**Aim of the task:** Reproduce, exactly and in full, the lines from the one with "Moderní designová lavice" through the one with "Calliope sweat fille chats sans capuche" in the data below; drop pictures.

**Data to examine:**

◆ ◆ ◆ ◆ ◆

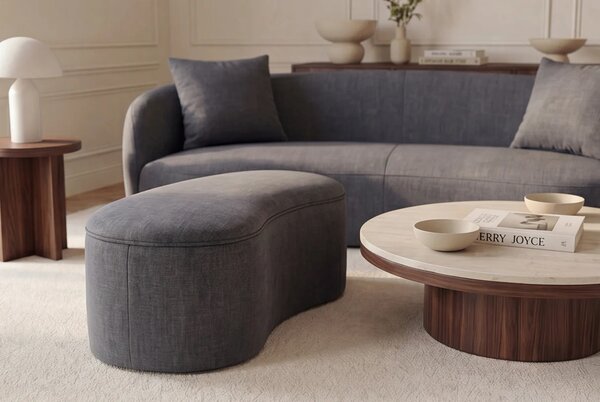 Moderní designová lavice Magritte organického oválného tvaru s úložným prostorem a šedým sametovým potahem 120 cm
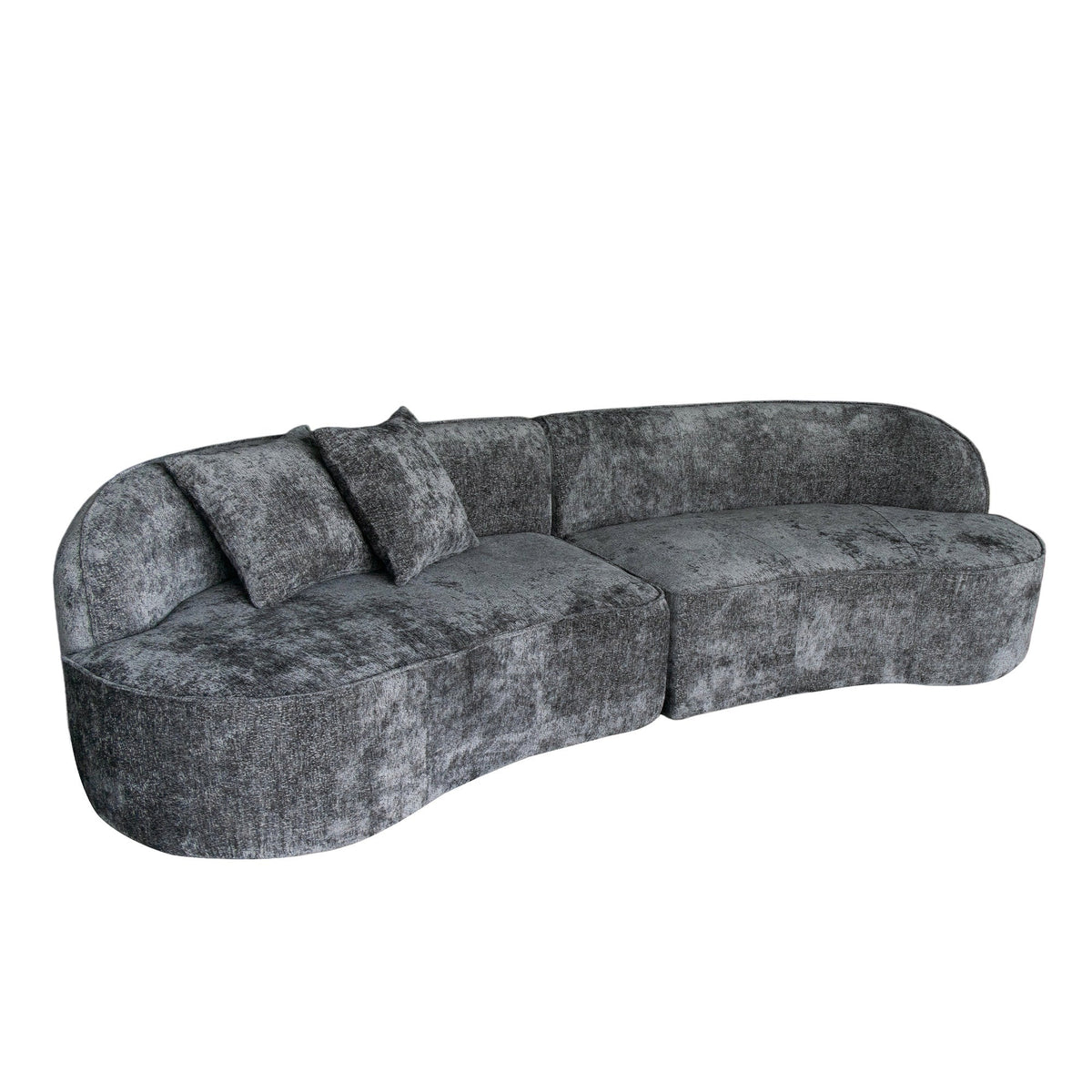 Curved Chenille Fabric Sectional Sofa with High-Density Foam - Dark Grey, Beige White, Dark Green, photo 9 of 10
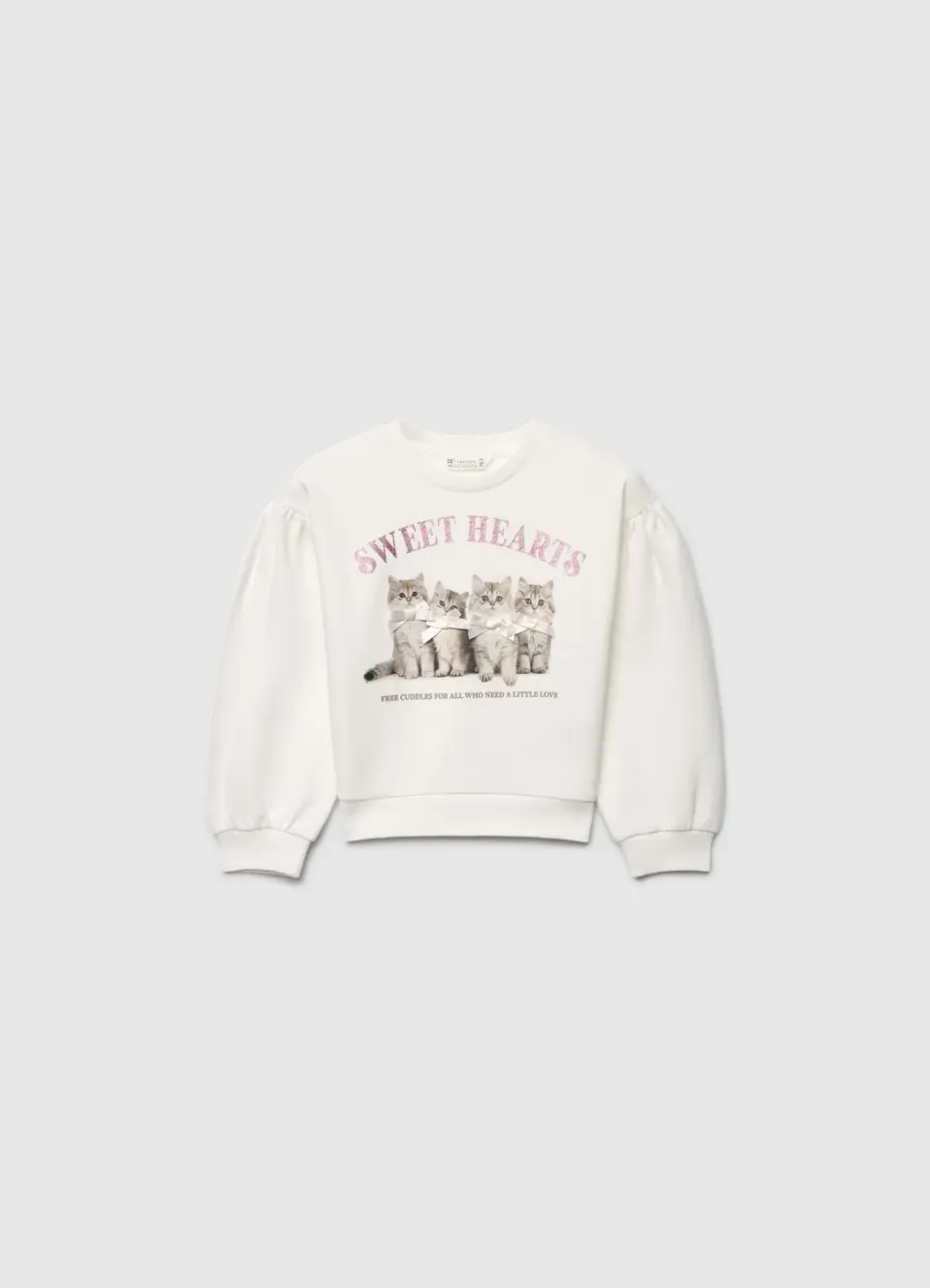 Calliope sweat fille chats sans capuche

◆ ◆ ◆ ◆ ◆

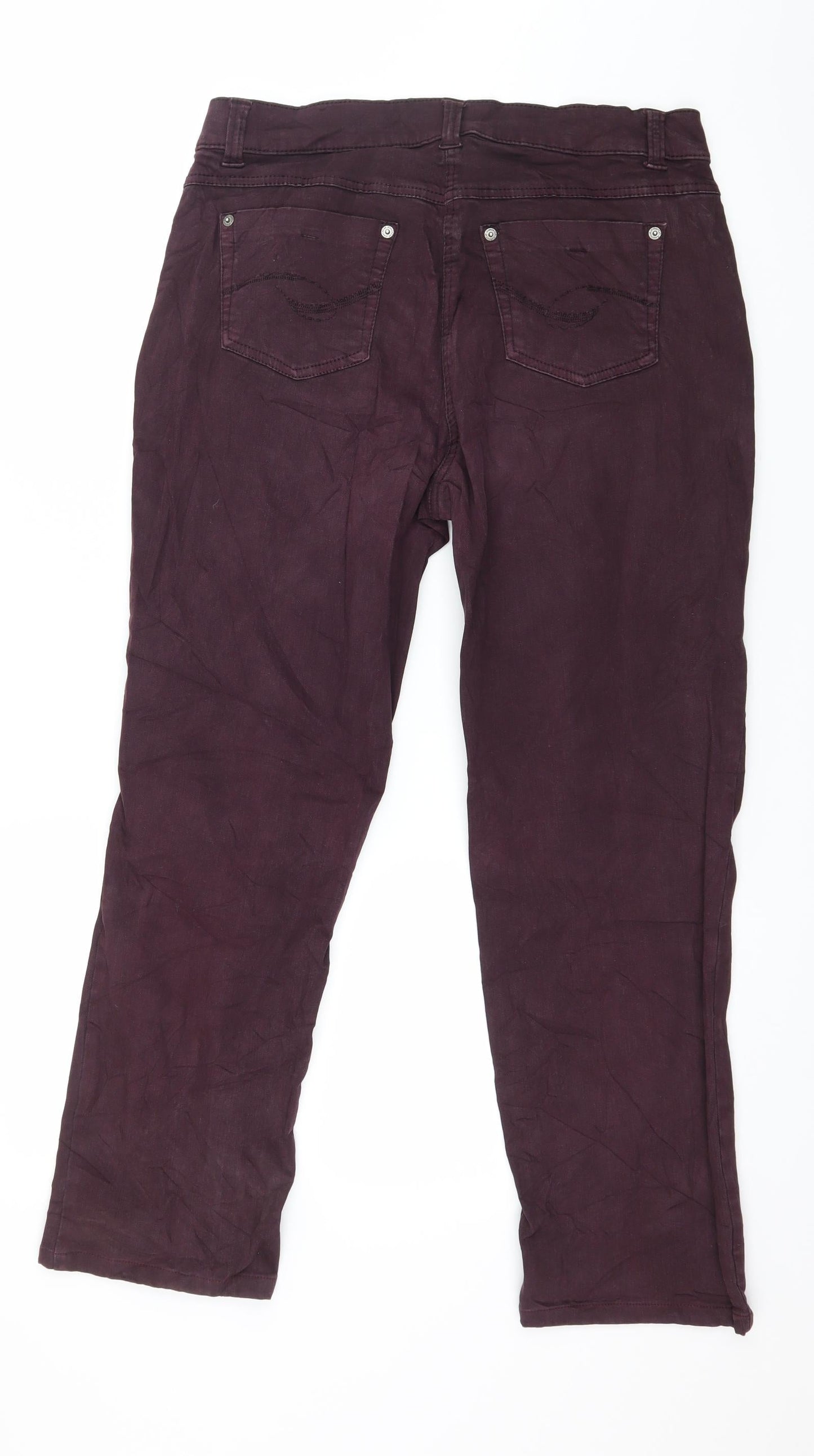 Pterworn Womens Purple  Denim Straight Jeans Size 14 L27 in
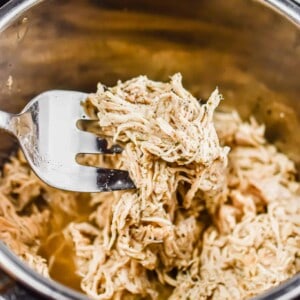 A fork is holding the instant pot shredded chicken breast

◆ ◆ ◆ ◆ ◆

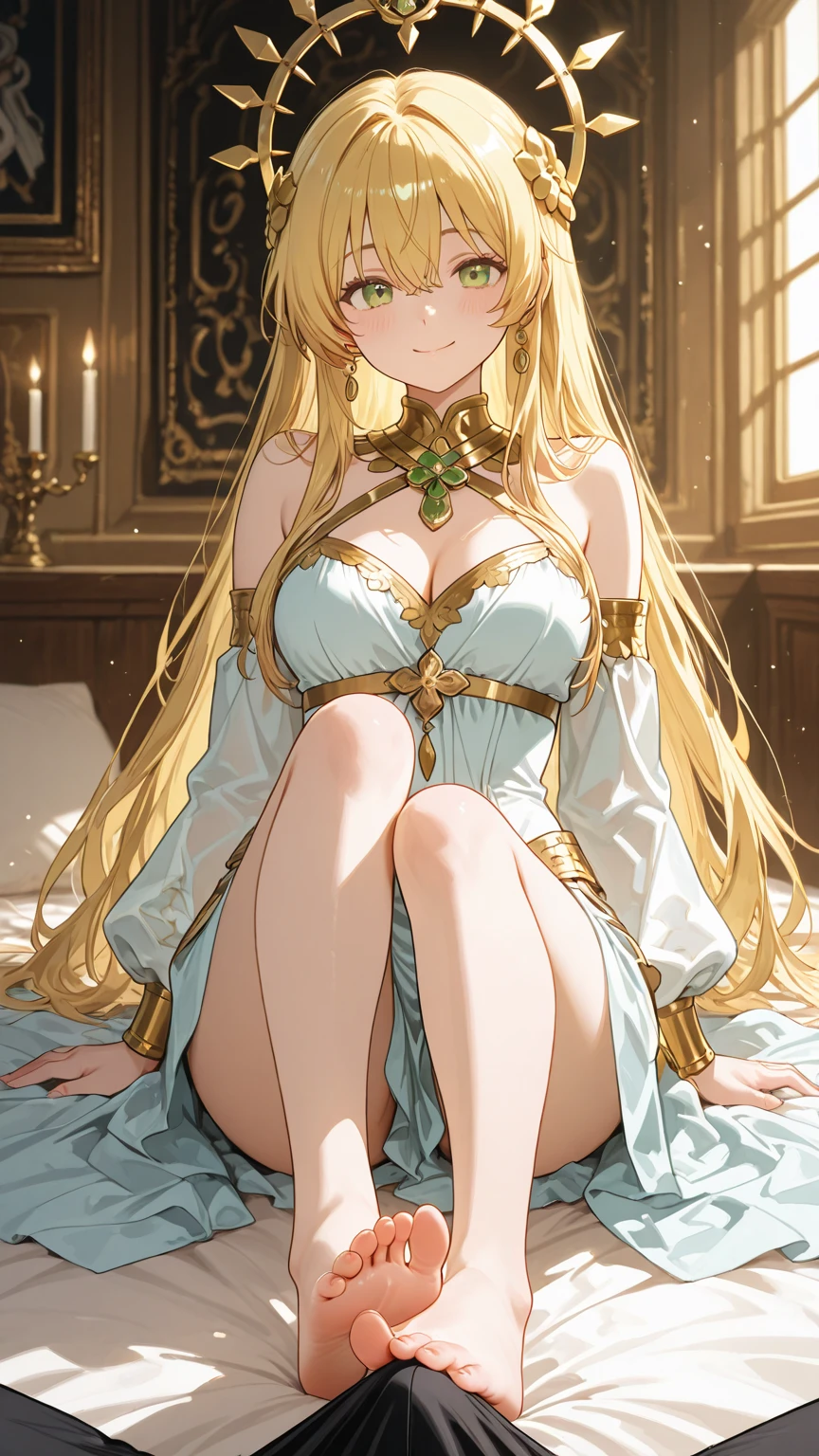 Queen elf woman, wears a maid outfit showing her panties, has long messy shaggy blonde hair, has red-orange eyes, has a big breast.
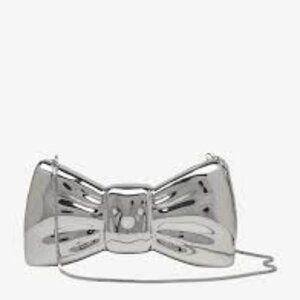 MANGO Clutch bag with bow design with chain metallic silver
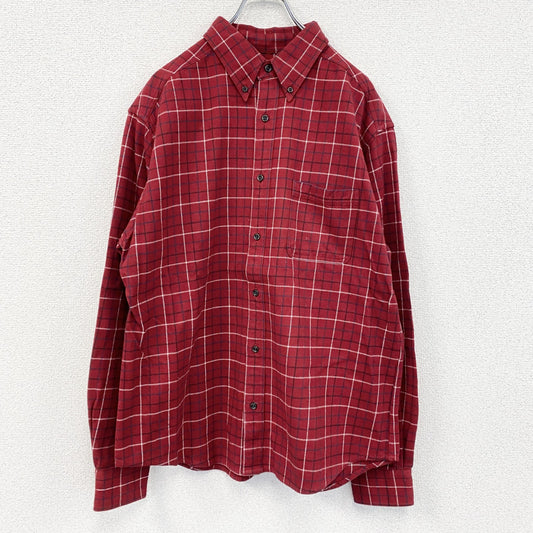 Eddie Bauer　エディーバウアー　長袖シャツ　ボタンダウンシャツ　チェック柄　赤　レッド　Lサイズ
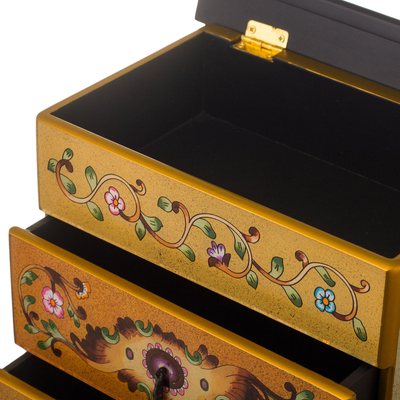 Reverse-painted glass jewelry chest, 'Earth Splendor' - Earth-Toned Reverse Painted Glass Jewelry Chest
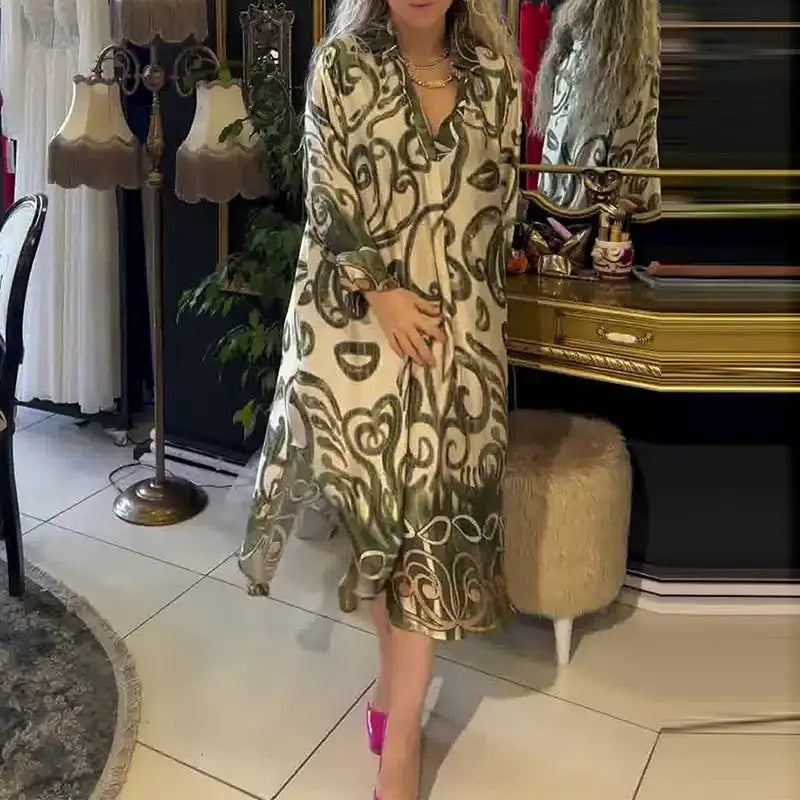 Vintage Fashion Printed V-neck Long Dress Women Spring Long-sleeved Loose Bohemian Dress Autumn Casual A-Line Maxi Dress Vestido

◆ ◆ ◆ ◆ ◆

**Finished task:**
 Moderní designová lavice Magritte organického oválného tvaru s úložným prostorem a šedým sametovým potahem 120 cm
 Curved Chenille Fabric Sectional Sofa with High-Density Foam - Dark Grey, Beige White, Dark Green, photo 9 of 10
 Calliope sweat fille chats sans capuche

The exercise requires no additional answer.